PAŞA EVİ TERK ETTİ: Paşa, kendisiyle konuşmayınca Çankaya'yı terk ederek önce İstasyon Evi'ne (Ankara Garı) giden, sonra 1.5 sene Yalova'da ikamete mecbur bırakılan Fikriye Hanım'ın depresyonu artmıştır.
ÇANKAYA'NIN ONURU: Dönüşünde Latife Hanım, Çankaya'nın onurunu tek başına korumak zorunda kalmış ve Fikriye Hanım'dan gitmesini istemiştir. Fikriye Hanım gitmek istemeyince, haklı olarak öfkelenerek gelişinin dördüncü gününde Fikriye Hanım'dan gitmesini istemek zorunda kalmıştır.
KÖŞK'E GERİ DÖNÜYOR: Fikriye Hanım, Köşk'ten ayrıldıktan bir zaman sonra tekrar gelmiş ve içeri girmek istemişse de, Kılıç Ali, Muzaffer Kılıç, Hüsrev Gerede, Hasan Rıza Soyak, Hüsrev Gerede, Rıza Nur ve pek çok kişinin anılarında anlattığı üzere kendisini tanımayan başyaver Rasuhi Bey'in kendisini içeri almayınca "Ben buranın Hanımıyım" demiştir.
ÇANTASINDA İKİNCİ BİR SİLAH : Bu kişilerin de anlattığı üzere onların deyimi ile muhtemelen Paşa'yı ve/veya Latife Hanım'ı vurmak maksadı ile tuvalete giden Fikriye Hanım'ı yaver Rasuhi Bey, tuvalette elinde bir silah ile yakalamış çantasında da bir ikinci silah olduğunu görmüştür.

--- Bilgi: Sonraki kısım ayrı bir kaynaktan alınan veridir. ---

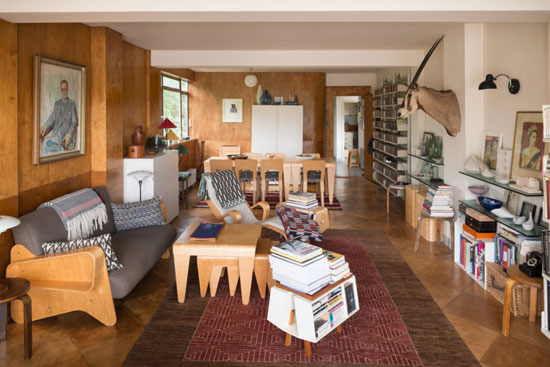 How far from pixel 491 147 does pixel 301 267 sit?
10.2ft

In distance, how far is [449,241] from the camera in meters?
5.39

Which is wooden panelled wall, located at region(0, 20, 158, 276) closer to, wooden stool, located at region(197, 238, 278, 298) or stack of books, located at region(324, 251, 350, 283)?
wooden stool, located at region(197, 238, 278, 298)

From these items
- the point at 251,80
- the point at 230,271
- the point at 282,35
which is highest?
the point at 251,80

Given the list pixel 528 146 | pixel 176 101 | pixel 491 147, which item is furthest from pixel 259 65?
pixel 528 146

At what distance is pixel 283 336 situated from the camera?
314 cm

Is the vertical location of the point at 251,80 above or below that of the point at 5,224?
above

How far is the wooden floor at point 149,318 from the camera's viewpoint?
2863 mm

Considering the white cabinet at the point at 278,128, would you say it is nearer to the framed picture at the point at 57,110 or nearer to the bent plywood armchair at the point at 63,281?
the framed picture at the point at 57,110

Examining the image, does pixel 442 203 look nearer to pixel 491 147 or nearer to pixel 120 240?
pixel 491 147

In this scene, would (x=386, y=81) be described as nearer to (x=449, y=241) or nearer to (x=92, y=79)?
(x=449, y=241)

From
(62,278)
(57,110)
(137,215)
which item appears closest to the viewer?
(62,278)

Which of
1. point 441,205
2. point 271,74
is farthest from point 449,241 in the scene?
point 271,74

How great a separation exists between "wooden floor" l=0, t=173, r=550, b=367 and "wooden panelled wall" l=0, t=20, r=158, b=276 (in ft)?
2.56

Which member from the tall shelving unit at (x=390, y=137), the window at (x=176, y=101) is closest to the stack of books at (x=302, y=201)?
the tall shelving unit at (x=390, y=137) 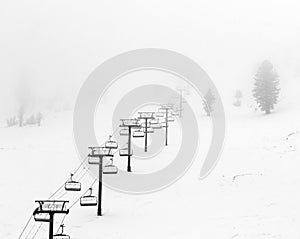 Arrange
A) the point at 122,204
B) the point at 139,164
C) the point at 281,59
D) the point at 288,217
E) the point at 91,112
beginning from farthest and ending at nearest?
the point at 281,59, the point at 91,112, the point at 139,164, the point at 122,204, the point at 288,217

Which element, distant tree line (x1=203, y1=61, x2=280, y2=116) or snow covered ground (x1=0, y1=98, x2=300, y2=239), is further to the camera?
distant tree line (x1=203, y1=61, x2=280, y2=116)

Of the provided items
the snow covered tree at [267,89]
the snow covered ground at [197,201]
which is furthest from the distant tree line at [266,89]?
the snow covered ground at [197,201]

FİKRİYE HANIM'A ZORLA: Fikriye Hanım elindekini Paşa'ya hediye getirdiğini, çantasındakinin de İsmet Paşa'nın armağanı olduğunu söylese de Rasuhi Bey tarafından zorla dışarı çıkarılmıştır.

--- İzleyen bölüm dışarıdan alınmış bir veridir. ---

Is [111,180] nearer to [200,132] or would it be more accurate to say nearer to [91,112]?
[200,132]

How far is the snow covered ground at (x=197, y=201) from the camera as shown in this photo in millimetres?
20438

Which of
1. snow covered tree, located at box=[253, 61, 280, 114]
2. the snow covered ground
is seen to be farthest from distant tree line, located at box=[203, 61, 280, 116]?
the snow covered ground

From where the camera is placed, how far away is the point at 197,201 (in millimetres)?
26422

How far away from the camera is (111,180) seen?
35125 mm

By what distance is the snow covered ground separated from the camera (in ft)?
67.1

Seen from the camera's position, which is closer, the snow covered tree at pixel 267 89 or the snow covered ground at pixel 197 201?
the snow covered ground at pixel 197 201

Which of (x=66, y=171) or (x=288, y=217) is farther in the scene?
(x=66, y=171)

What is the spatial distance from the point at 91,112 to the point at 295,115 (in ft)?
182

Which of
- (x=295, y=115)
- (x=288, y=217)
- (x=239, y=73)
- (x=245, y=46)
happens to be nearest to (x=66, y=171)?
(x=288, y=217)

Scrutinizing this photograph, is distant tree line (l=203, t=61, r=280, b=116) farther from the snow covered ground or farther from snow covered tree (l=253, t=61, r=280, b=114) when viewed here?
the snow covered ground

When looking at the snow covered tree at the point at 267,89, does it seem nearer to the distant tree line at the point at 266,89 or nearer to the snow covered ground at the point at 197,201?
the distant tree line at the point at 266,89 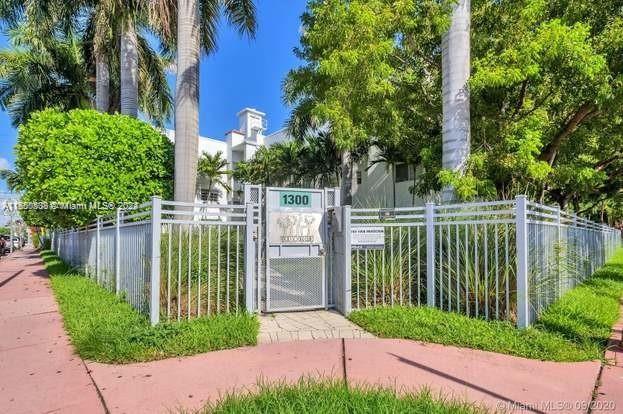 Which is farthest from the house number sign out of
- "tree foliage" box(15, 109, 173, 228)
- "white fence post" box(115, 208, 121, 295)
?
"tree foliage" box(15, 109, 173, 228)

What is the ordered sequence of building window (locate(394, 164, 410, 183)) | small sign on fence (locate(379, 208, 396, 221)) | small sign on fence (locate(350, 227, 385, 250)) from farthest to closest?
building window (locate(394, 164, 410, 183))
small sign on fence (locate(379, 208, 396, 221))
small sign on fence (locate(350, 227, 385, 250))

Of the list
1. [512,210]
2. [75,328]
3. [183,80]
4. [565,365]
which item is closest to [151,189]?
[183,80]

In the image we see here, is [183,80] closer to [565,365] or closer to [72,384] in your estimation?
[72,384]

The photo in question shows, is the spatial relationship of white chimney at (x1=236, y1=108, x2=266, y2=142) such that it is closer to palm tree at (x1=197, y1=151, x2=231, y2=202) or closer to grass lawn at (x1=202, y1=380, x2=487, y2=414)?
palm tree at (x1=197, y1=151, x2=231, y2=202)

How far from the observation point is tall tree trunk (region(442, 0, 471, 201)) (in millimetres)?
7141

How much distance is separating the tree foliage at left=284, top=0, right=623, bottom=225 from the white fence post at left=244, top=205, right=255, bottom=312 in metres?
2.75

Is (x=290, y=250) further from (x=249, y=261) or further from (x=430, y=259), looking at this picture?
(x=430, y=259)

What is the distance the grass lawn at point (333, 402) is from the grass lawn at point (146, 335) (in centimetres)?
161

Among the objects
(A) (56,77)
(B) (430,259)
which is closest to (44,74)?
(A) (56,77)

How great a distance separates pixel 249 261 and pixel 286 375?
7.87 feet

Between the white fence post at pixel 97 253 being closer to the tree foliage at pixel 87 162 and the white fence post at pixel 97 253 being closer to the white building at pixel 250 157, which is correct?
the tree foliage at pixel 87 162

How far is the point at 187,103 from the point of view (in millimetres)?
9031

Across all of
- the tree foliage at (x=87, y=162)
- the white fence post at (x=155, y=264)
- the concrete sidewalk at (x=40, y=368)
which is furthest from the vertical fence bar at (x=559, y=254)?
the tree foliage at (x=87, y=162)

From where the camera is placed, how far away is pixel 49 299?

RESMİ TARİH 'İNTİHAR' DİYOR: Bu noktada resmi tarih 'intihar' diye kayda geçirmişse de ne yazık ki en iyi ihtimal, aralarındaki boğuşma sırasında silah patlamış ve Fikriye Hanım, ölümcül yaralanmıştır. Olay daha sonra hastanede ölmesiyle, 'intihar' denilerek kapatılmıştır. Latife Hanım'ı ya da Paşa'yı gerçekten vurmak isteyip istemediği bilinmese de hiç kimse Rasuhi Bey tarafından yanlışlıkla mı, yoksa kasten mi öldürüldüğü konusunda fikir sahibi değildir. Ancak bilerek vurulması da pek çoklukla mümkün olarak kabul edilir.
"OLAYI KAPATMAK İÇİN..."
ATA SEVGİSİNDEN KENDİSİNİ VURMADI: Atatürk sevgisinin büyüklüğü tartışılmayacak olan Fikriye Hanım'ın gerçek vefat hikâyesi ne yazık ki bu şekilde gerçekleşmiştir. Fikriye Hanım, Paşa için ölmüşse de kendini vurmamıştır. Ancak olayı kapatmak için gazetelerde bu kadar uzun zaman Ankara'da kalmış ve Paşa'nın yakını da olan bu kadın, basit ve uzak bir akraba olarak gösterilerek intihar
ettiği halka duyurularak inandırılmıştır.